Mars underwent major climate change about 400,000 years ago, at the end of the Red Planet's last ice age, according to a new study published last week.
The peer-reviewed study published in Nature examined data concerning dunes on Mars obtained by high-resolution orbital cameras and the Zhurong rover's terrain and multispectral cameras, surface composition analyzers, and meteorological measuring instruments.
Researchers from National Astronomical Observatories, Institute of Geology and Geophysics and Institute of Tibetan Plateau Research of the Chinese Academy of Sciences, in collaboration with researchers from Brown University, assessed the surface structure and chemical composition of the dunes in order to determine the age of the dunes and the prevailing wind directions at a number of locations.
The team of researchers found that the prevailing wind direction in the Utopia Plain, where the Zhurong rover touched down, shifted almost 70 degrees from northeast to northwest, eroding crescent-shaped dunes formed during the ice age into dark, longitudinal ridges.

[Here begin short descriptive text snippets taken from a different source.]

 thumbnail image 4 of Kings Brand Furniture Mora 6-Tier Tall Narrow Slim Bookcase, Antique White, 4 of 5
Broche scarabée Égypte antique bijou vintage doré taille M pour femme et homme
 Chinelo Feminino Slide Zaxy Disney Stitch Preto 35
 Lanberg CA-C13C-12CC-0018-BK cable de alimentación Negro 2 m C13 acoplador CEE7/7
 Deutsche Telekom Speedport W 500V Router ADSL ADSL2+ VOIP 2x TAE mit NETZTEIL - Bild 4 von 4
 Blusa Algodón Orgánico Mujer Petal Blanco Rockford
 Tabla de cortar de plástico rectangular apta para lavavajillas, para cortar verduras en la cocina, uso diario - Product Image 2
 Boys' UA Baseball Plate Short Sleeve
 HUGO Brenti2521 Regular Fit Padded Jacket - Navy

"The exploration and research on the climate evolution of Mars has been of great concern for a long time. Mars is the most similar planet to Earth in the Solar System. Understanding Martian climate processes promises to uncover details of the evolution and history of Earth and other planets in our Solar System," said lead author Prof. Li Chunlai from the National Astronomical Observatories of the Chinese Academy of Sciences (NAOC).

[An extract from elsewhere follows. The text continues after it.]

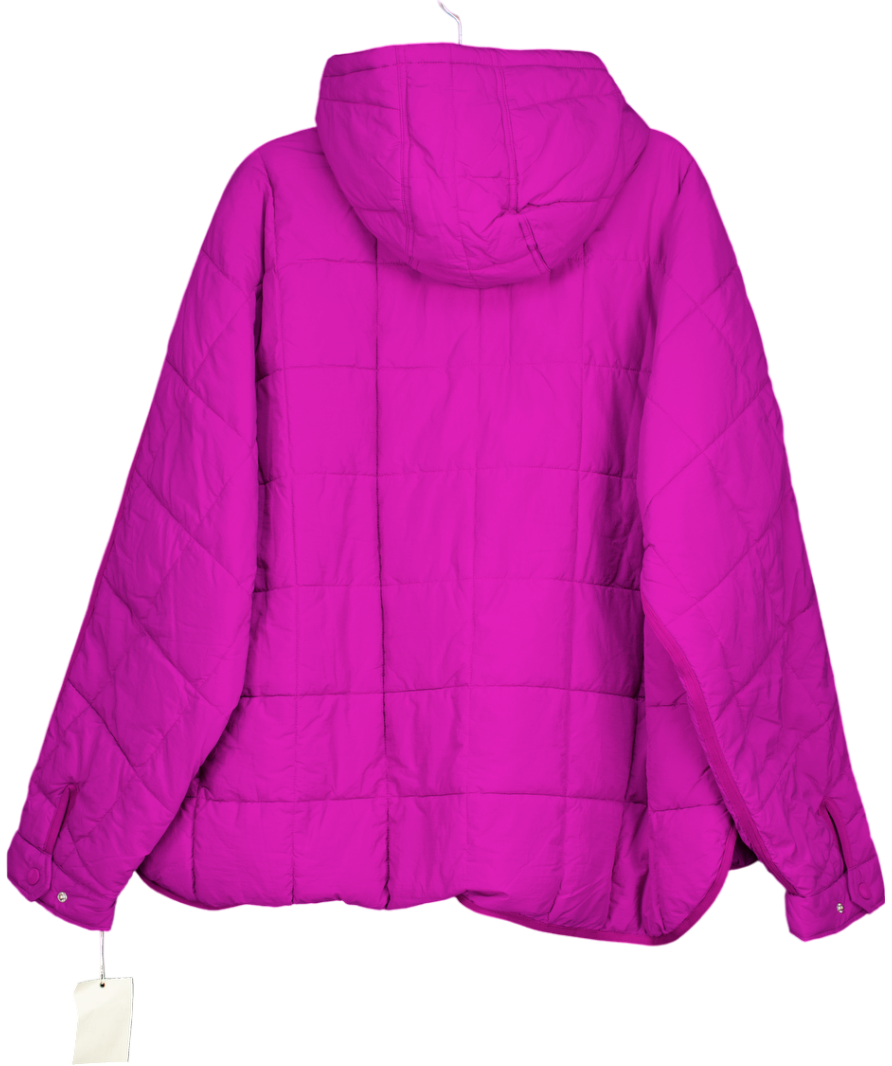 Free People Purple Pippa Packable Pullover Puffer Jacket UK XL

Changes in Mars' tilt could have pushed climate change
The researchers estimated that a change in the angle of the rotational axis of Mars caused the Red Planet to exit the ice age, leading to effects on the morphology, orientation, physical properties and layering of dunes.
Other past studies have estimated that changes in Mars' rotational axis could cause climate change on the Red Planet. Mars' rotational axis changes relatively frequently, with substantial changes recorded on timescales of hundreds of thousands to millions of years. In 2007, researchers from the University of Hawaii theorized that a wobble in Mars' axis led to vast amounts of ice shifting between the poles and the rest of the planet every 120,000 years, as the wobble caused big changes in the amount of sunlight reaching different parts of Mars.

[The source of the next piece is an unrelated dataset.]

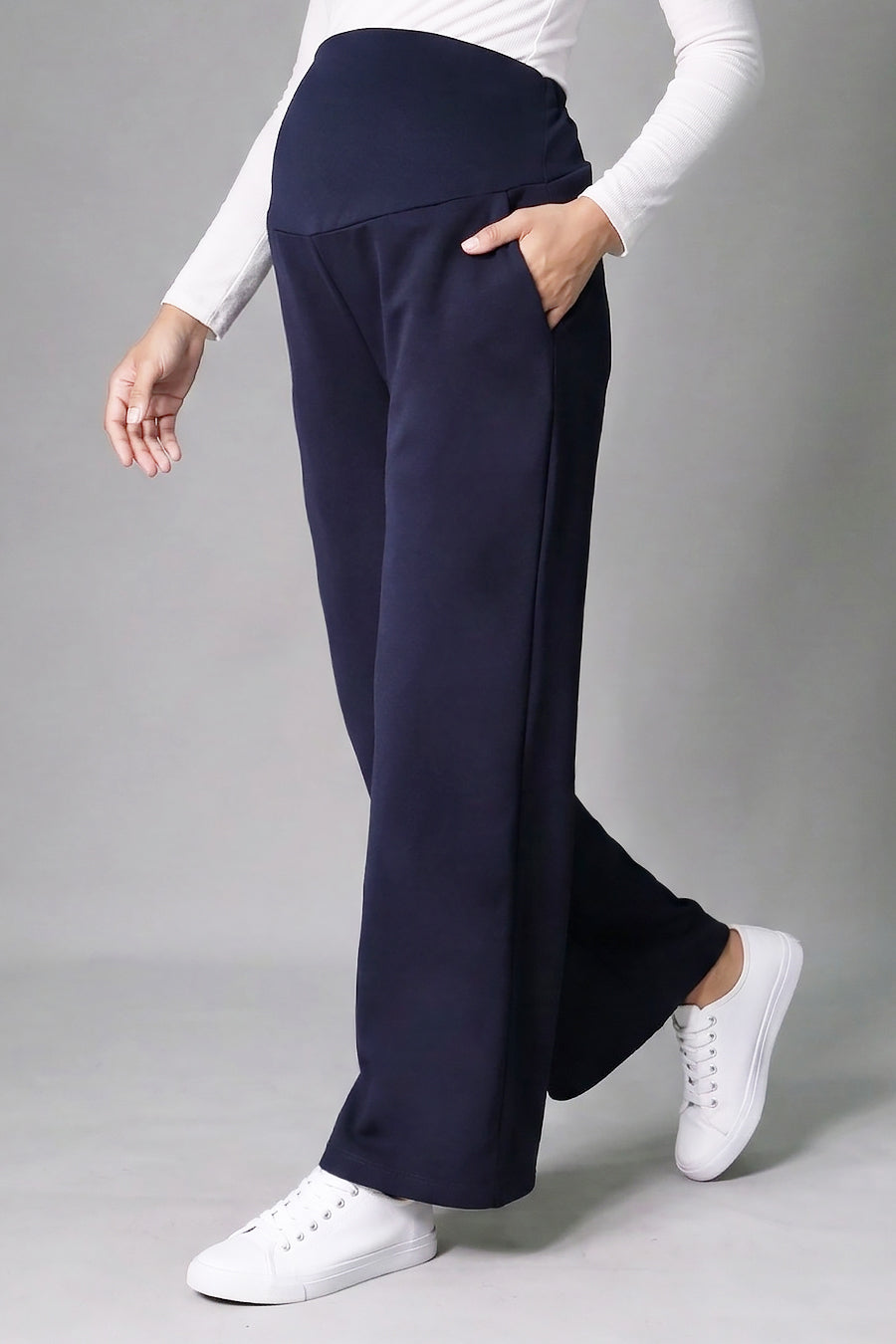 Wide Leg Maternity Jogger Pants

"Understanding the Amazonian climate is essential to explain the current Martian landscape, volatile matter reservoirs, and atmospheric state, and to relate these current observations and active processes to models of the ancient climate of Mars. Observations of the current climate of Mars can help refine physical models of Martian climate and landscape evolution, and even form new paradigms," said Chunlai. "We will continue to study both Amazonian and present-day climate to promote the knowledge regarding the last two billion years of Martian climate history, including its environment and processes."